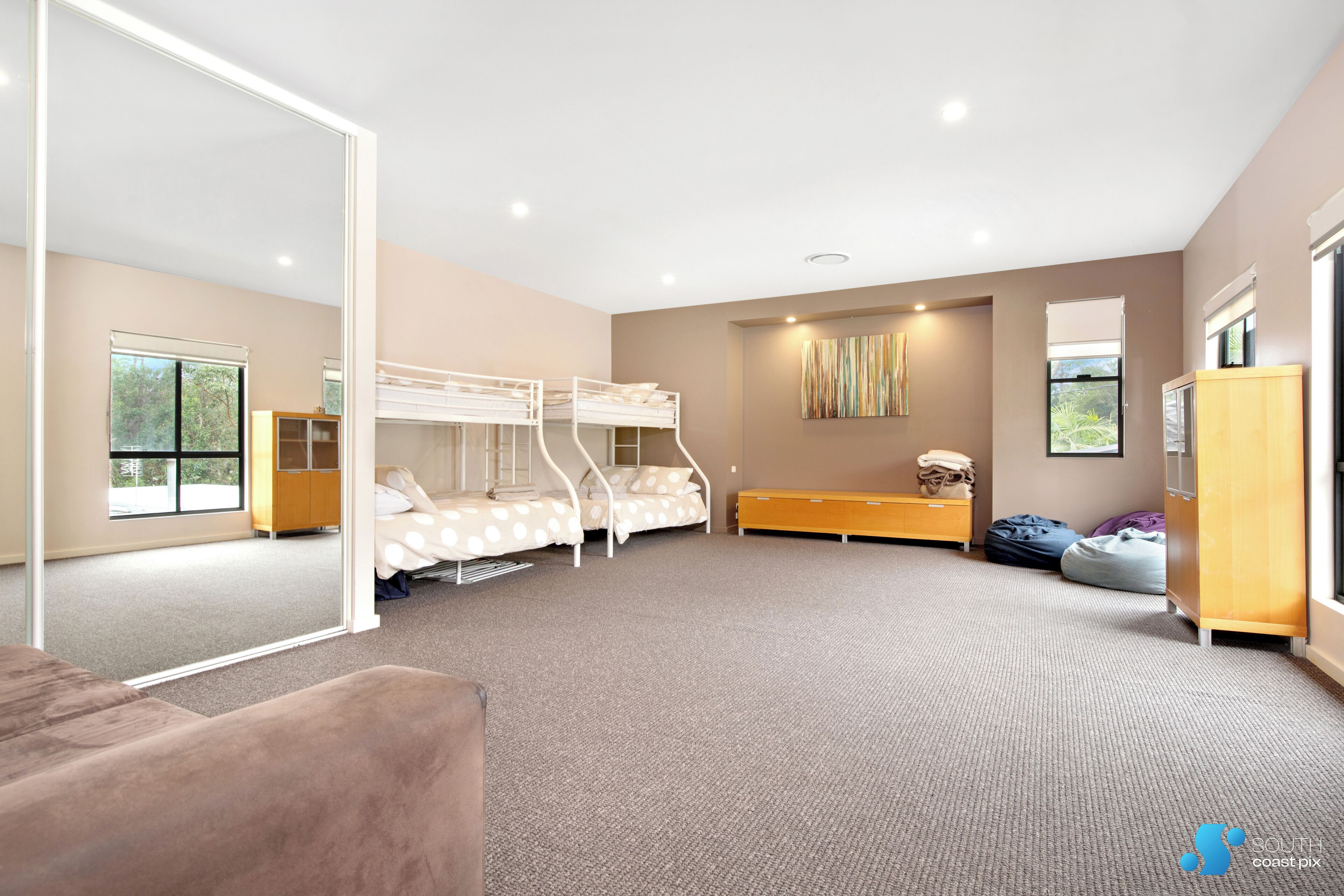 5 bedrooms, desk, iron/ironing board, travel cot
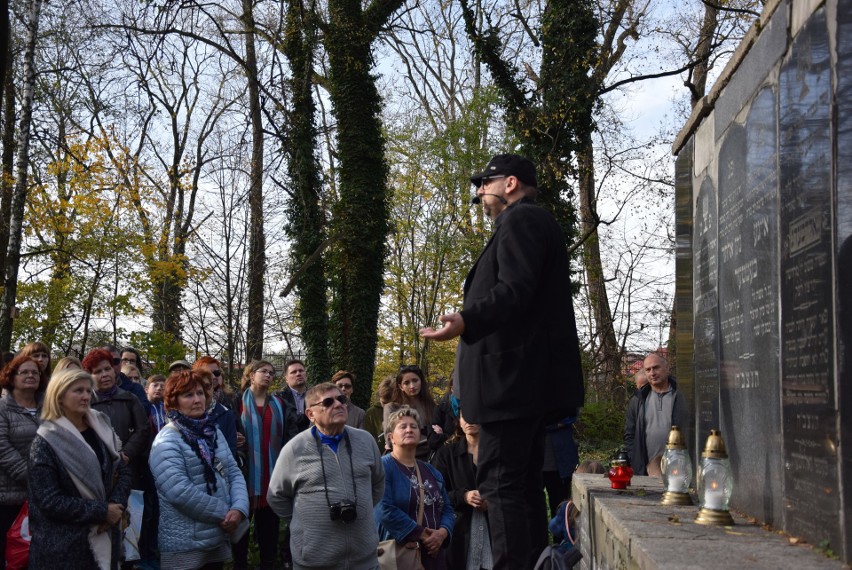 Niezwykła lekcja historii 1 listopada z dr Jackiem Proszykiem na zabytkowym cmentarzu żydowskim w Oświęcimiu [ZDJĘCIA]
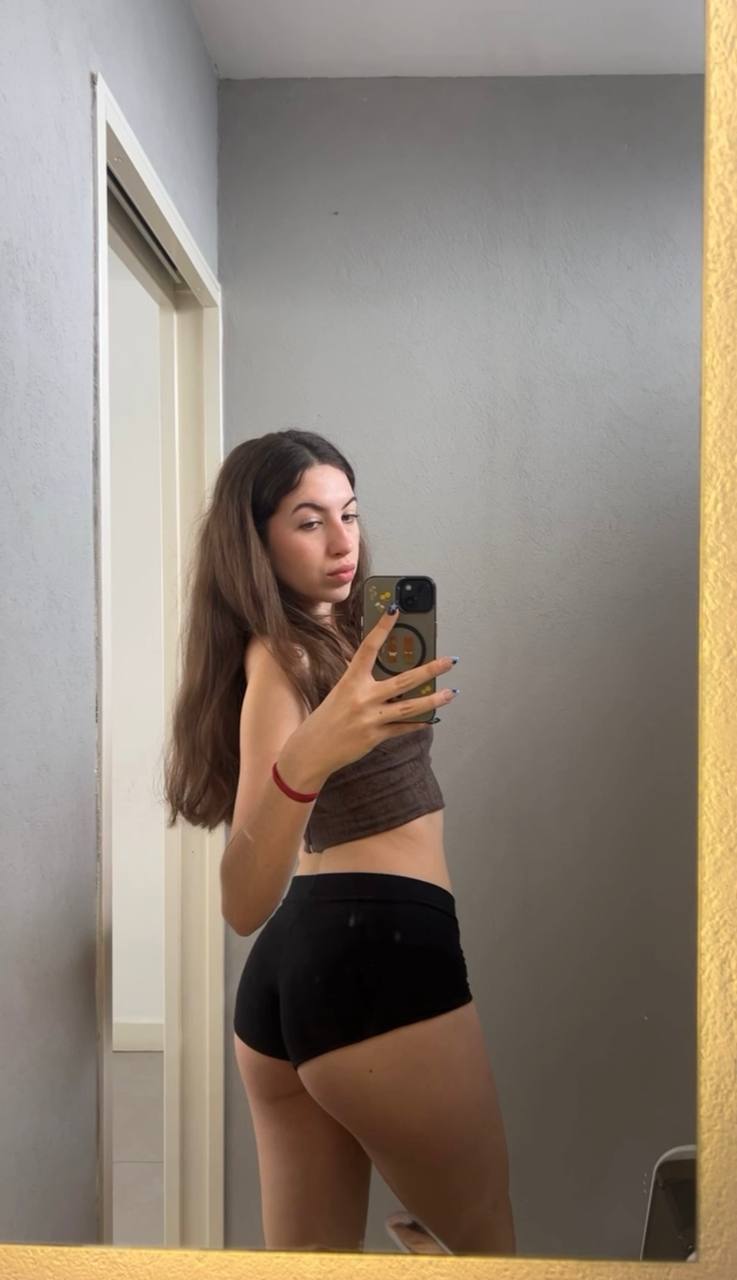 Amber in her underwear in Chengdu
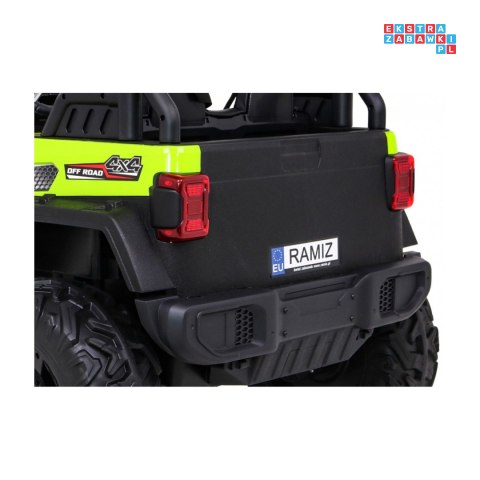 Master Of Terain Auto 4x35W Pojazd na akumulator ekoskóra EVA MP3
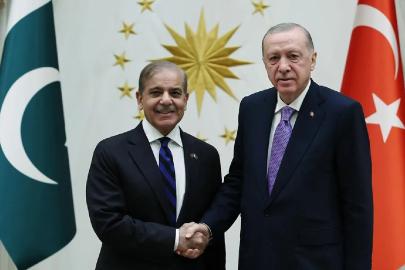 Cumhurbaşkanı Erdoğan, Pakistan Başbakanı Şahbaz Şerif ile görüştü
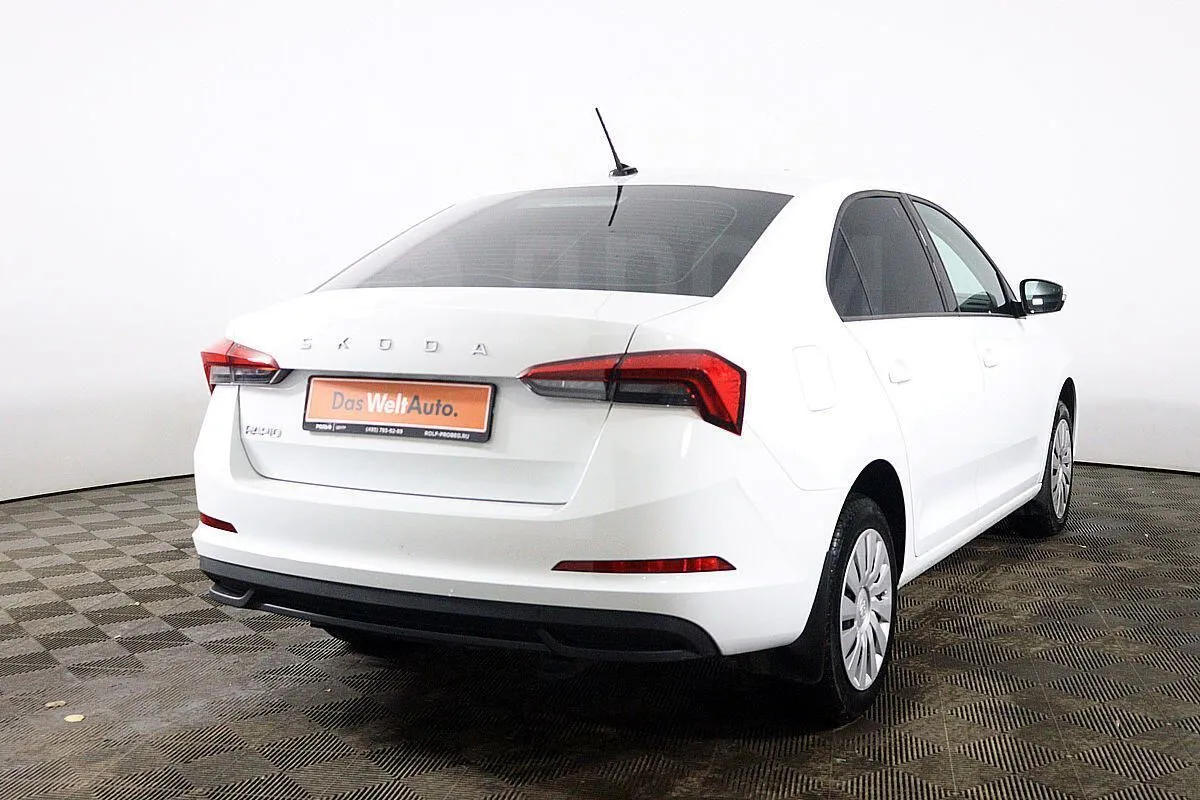 Skoda Rapid  Image 5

■ What to work on: An exact retyping of the entries, without images, is the required answer.

■ Solved exercise:
 5 bedrooms, desk, iron/ironing board, travel cot
 Niezwykła lekcja historii 1 listopada z dr Jackiem Proszykiem na zabytkowym cmentarzu żydowskim w Oświęcimiu [ZDJĘCIA]
 Amber in her underwear in Chengdu
 Master Of Terain Auto 4x35W Pojazd na akumulator ekoskóra EVA MP3
 Cumhurbaşkanı Erdoğan, Pakistan Başbakanı Şahbaz Şerif ile görüştü
 Skoda Rapid  Image 5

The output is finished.